Hear Music seemed like a sure thing. But by 2008, Starbucks’ model wasn’t looking so rosy anymore. Returns diminished through Joni Mitchell and Carly Simon and James Taylor and onto, uh, Cat Power (apparently just being in a Starbucks isn’t enough to make people buy music by someone other than someone who was in the Beatles). As Starbucks started slashing prices and closing hundreds of branches, Hear Music got shunted over entirely to Concord Music, and Starbucks focused on its partnership with iTunes rather than cultivating a label.
But set adrift, Mr. McCartney did not return to the majors. In fact the decline of Hear Music may have been even more liberating for him. His next album was self-released in late 2008 by MPL, an imprint of his own London-based publishing company, and distributed through indie labels (ATO, One Little Indian) as well as on his own Web site. It was also released under the name Fireman, not as Paul McCartney—the return to that moniker for the first time in a decade. (He’s used it twice before in non-vocal electronic collaborations with producer (and ex–Killing Joke bassist) Martin “Youth” Glover, in 1993 and 1998).
All the Fireman albums have been expressly about pushing Paul McCartney to places where he sounds very un-McCartney. In the past, that’s meant rather drippy electronica. This time it meant a rather joyous (and noisy!) psychedelic pop album titled Electric Arguments, in which there’s no piano balladeering and even less anthemized “Hey Jude”–like formula-ism. The album ranges from the heavy kerrang of the opener (“Nothing Too Much Just Out of Sight”) to the plaintive and lo-fi follow-up (“Two Magpies”), reminiscent of the hushed urgency of his early solo albums, and on through string sections and rousing marching-band fervor and even a bit of hymn singing (“Is This Love?”).

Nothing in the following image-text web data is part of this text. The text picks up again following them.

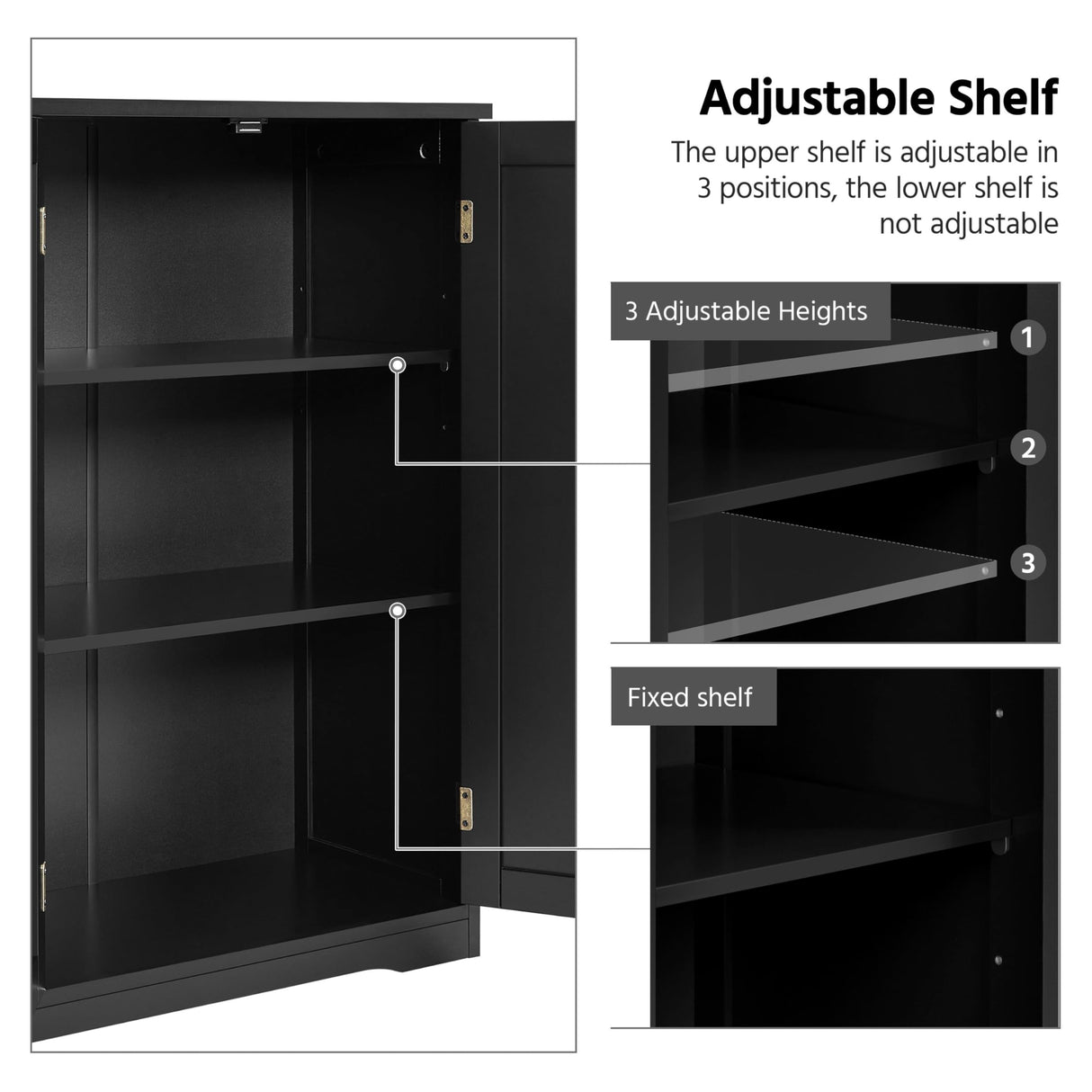 Yaheetech Black Wooden Bathroom Storage Cabinet with 4 Drawers and Double Doors Yaheetech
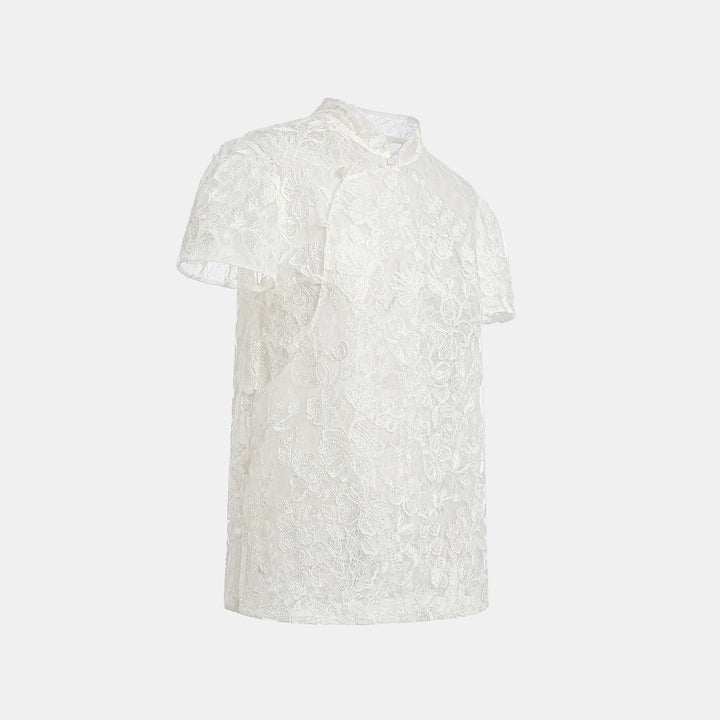 “春裳雅集” 立體刺繡工藝蕾絲國風短袖上衣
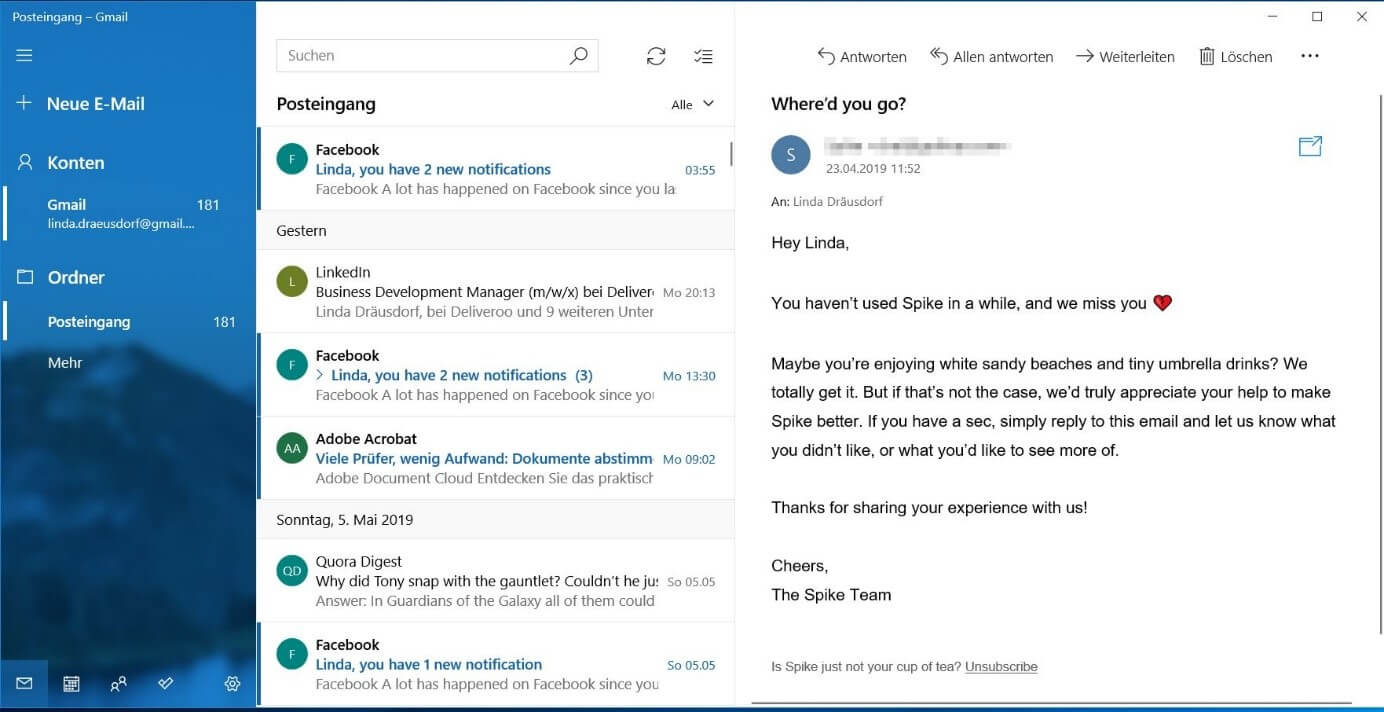Windows Mail mit verknüpftem Gmail-Konto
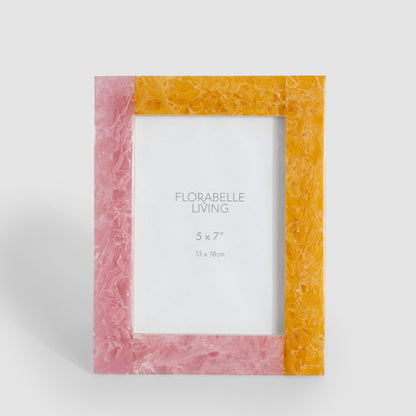 Dawn 5 x 7" Resin Photo Frame Orange & Pink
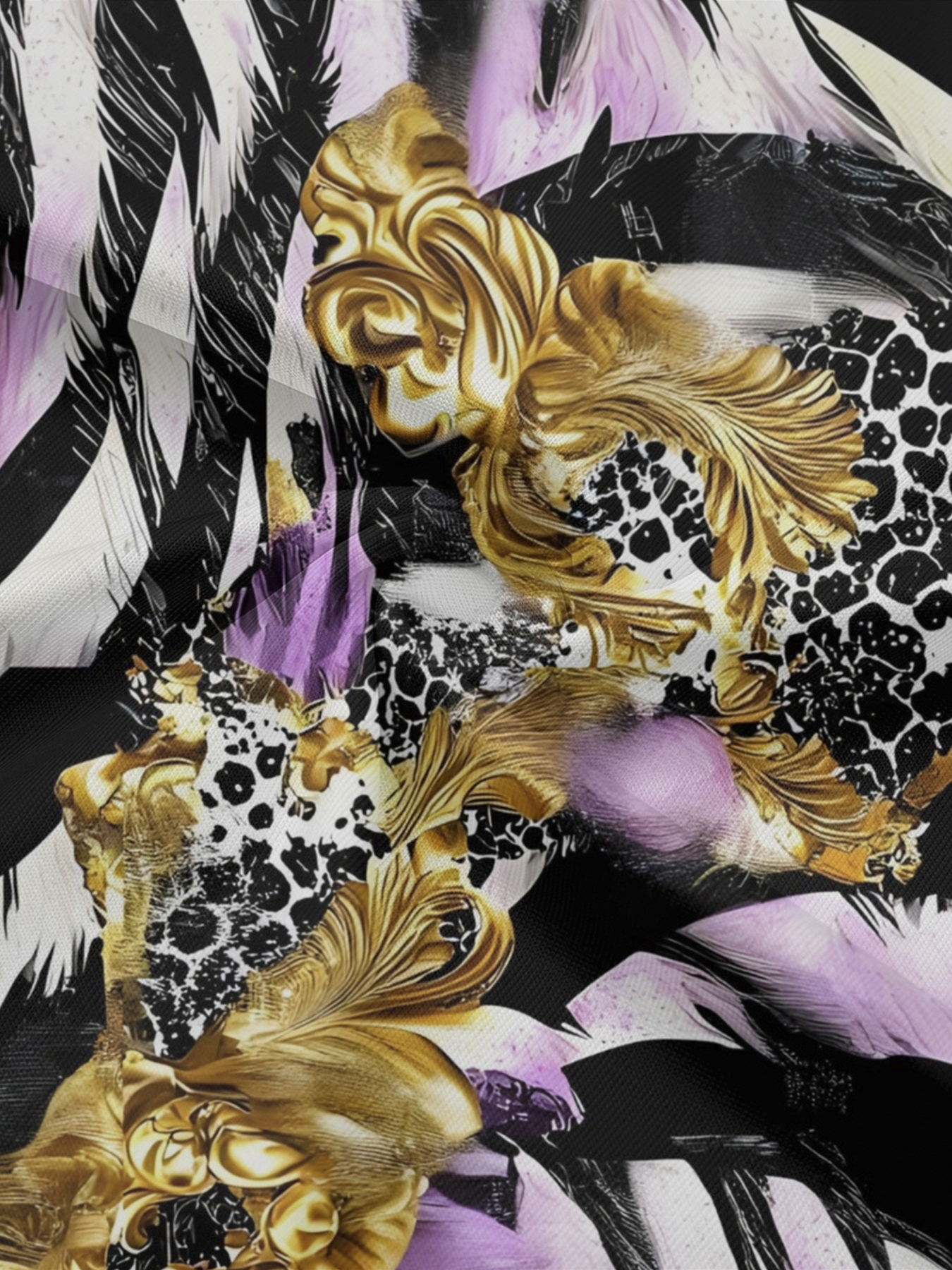 Luxury Baroque Animal Print Off-Shoulder Jumpsuit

The collaborative duo worked swiftly, crafting 13 tracks in as many days, yet the results feel vital rather than slapdash. There are thunderous, Zeppelin-like rockers and Paul duetting with his own falsetto and Paul’s voice at a shout, nearly subsumed in more than a few reverb storms of epic proportions. He’s done nothing like this in many years. It’s proof that McCartney’s legendary experimental streak is still around and can be folded into his more prosaic pop songwriting.
A statement released about the album bragged that it was “made with no record company restraints or a set release date to work to” and “with complete artistic and creative freedom.”
It shows, and it will be interesting to see how much Macca makes of his newfound freedom.